▶ **Exercise**: Copy from the first line below down to and including the line with "Ein weißer Smeg-Toaster". Skip the pictures.

▶ **Given material**:
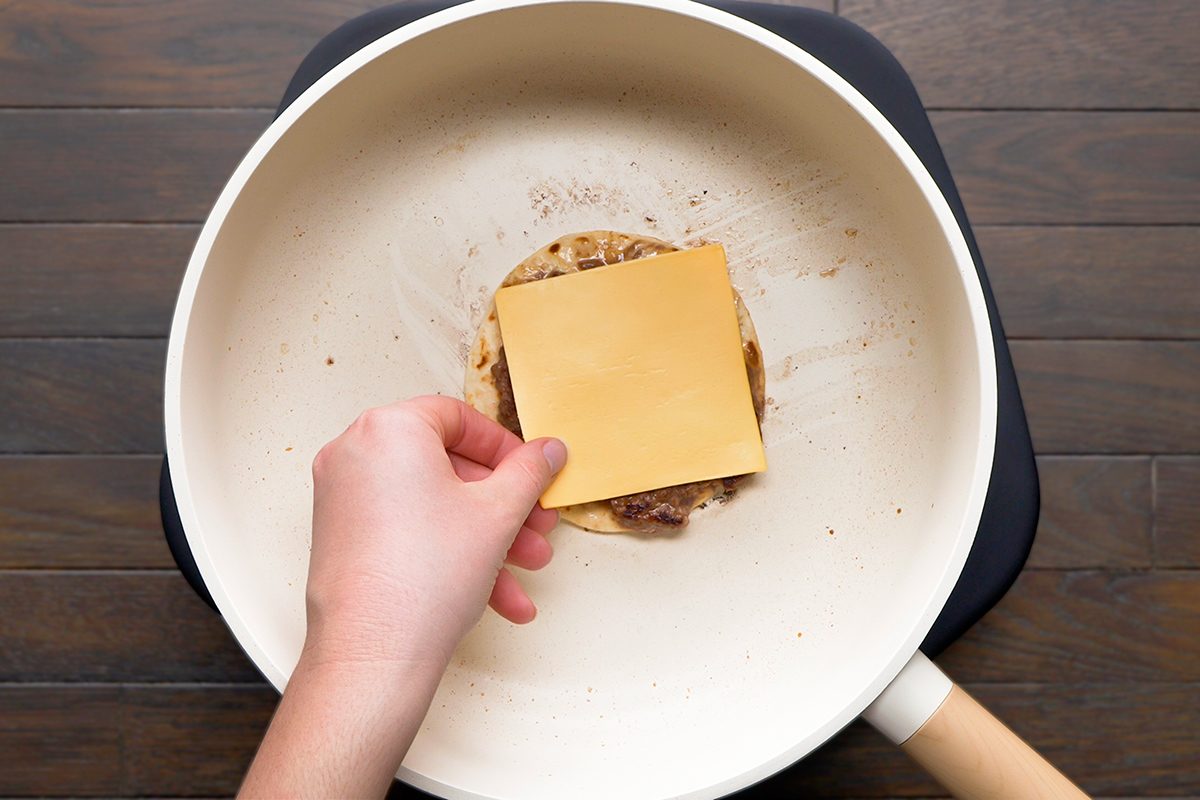A hand places a slice of cheddar cheese on a burger patty cooking in a light-colored frying pan on a dark stovetop.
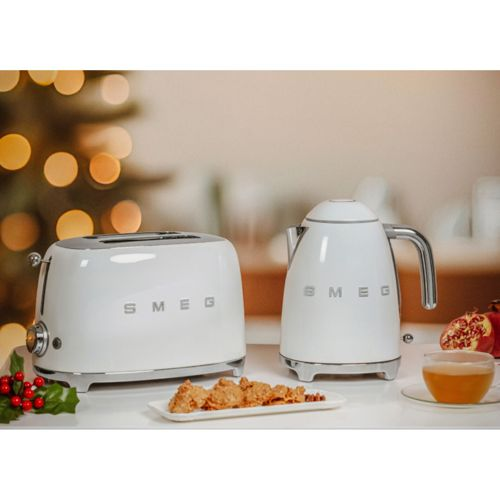 Ein weißer Smeg-Toaster und Wasserkocher stehen neben einem Teller mit Keksen und Granatapfel.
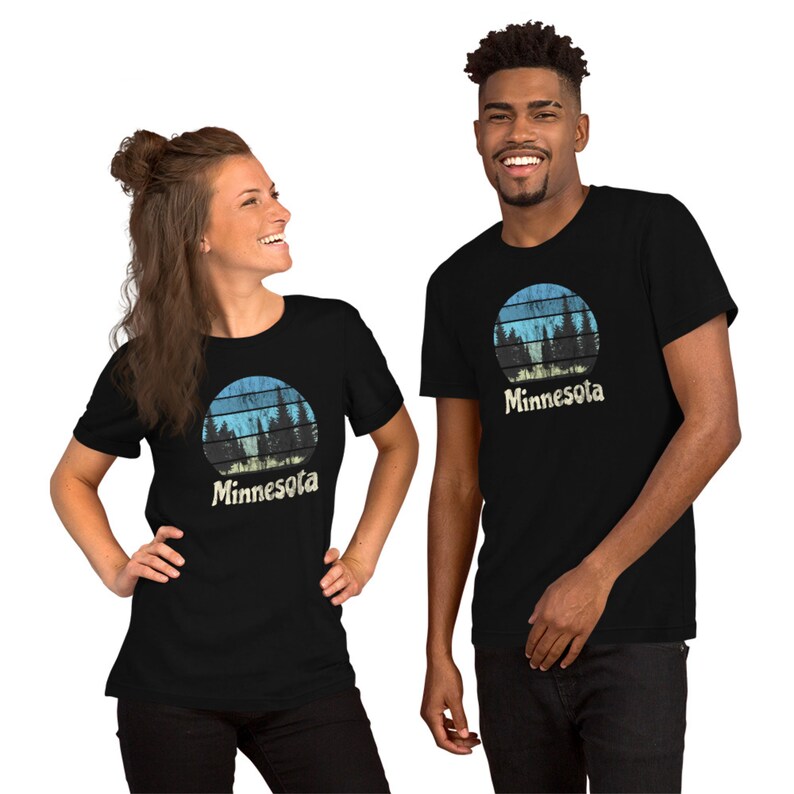 May include: Two people wearing black t-shirts with a retro-style graphic of a forest scene and the word "Minnesota".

▶ **Response area**:
A hand places a slice of cheddar cheese on a burger patty cooking in a light-colored frying pan on a dark stovetop.
 Ein weißer Smeg-Toaster und Wasserkocher stehen neben einem Teller mit Keksen und Granatapfel.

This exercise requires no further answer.